## ASSIGNED TASK
Where a record holds a picture, leave the picture out; otherwise repeat every record exactly.

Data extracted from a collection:
━━━
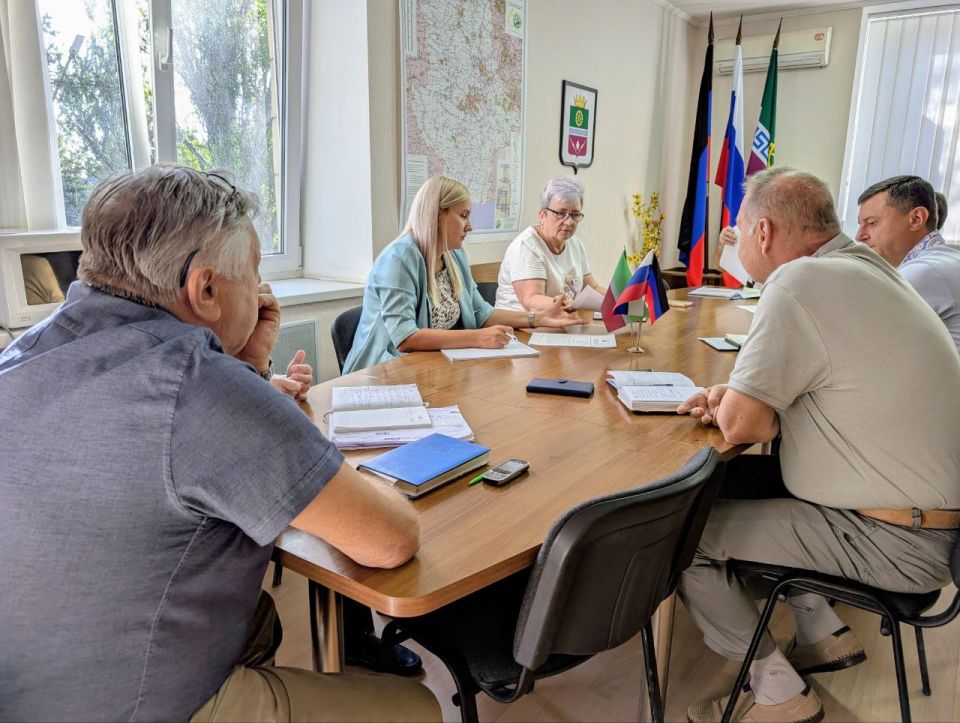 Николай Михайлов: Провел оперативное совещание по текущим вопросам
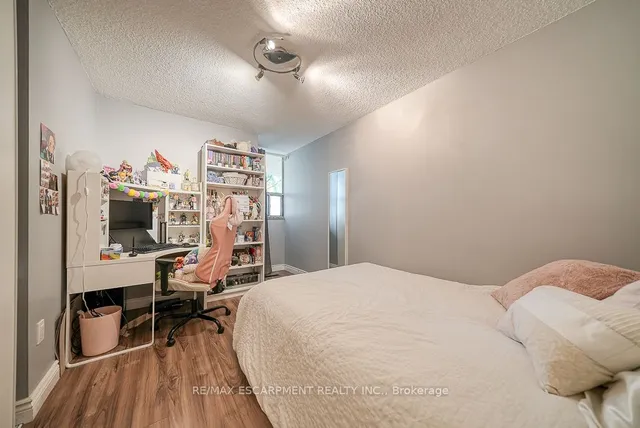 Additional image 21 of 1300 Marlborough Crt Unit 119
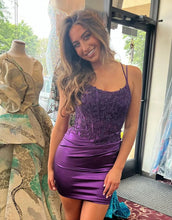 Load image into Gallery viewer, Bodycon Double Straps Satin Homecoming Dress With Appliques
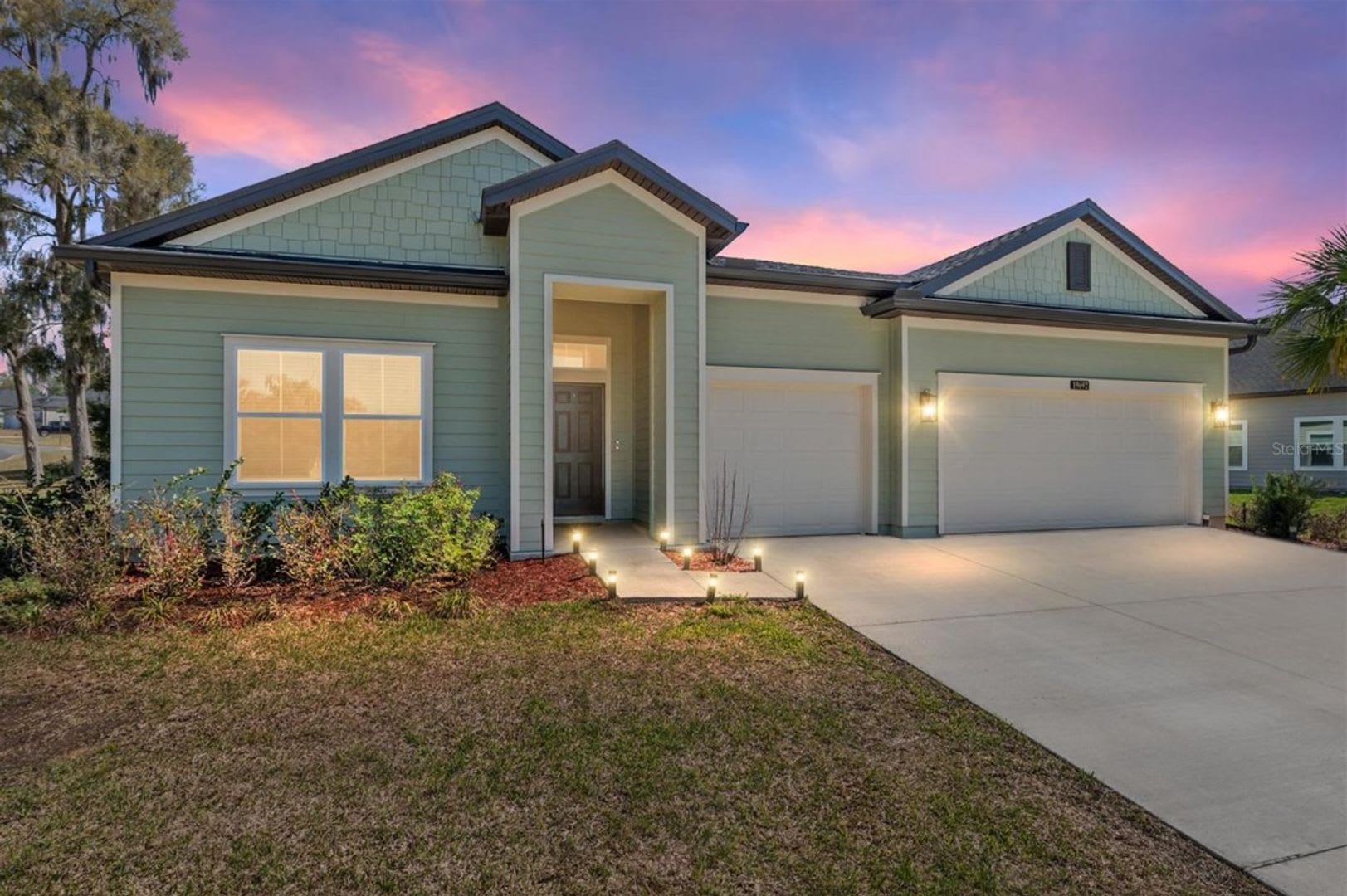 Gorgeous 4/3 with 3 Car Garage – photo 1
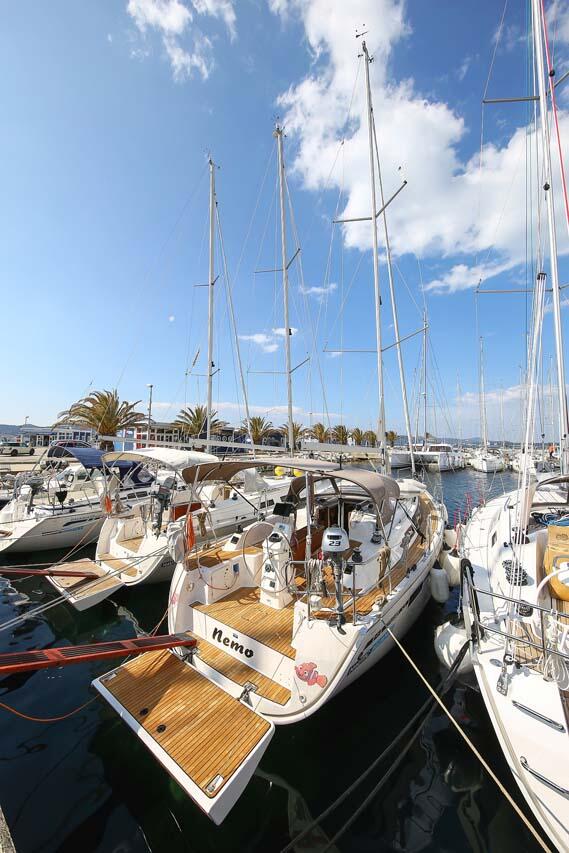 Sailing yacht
━━━
## ANSWER TO THIS EXERCISE
 Николай Михайлов: Провел оперативное совещание по текущим вопросам
 Additional image 21 of 1300 Marlborough Crt Unit 119
 Load image into Gallery viewer, Bodycon Double Straps Satin Homecoming Dress With Appliques
 Gorgeous 4/3 with 3 Car Garage – photo 1
 Sailing yacht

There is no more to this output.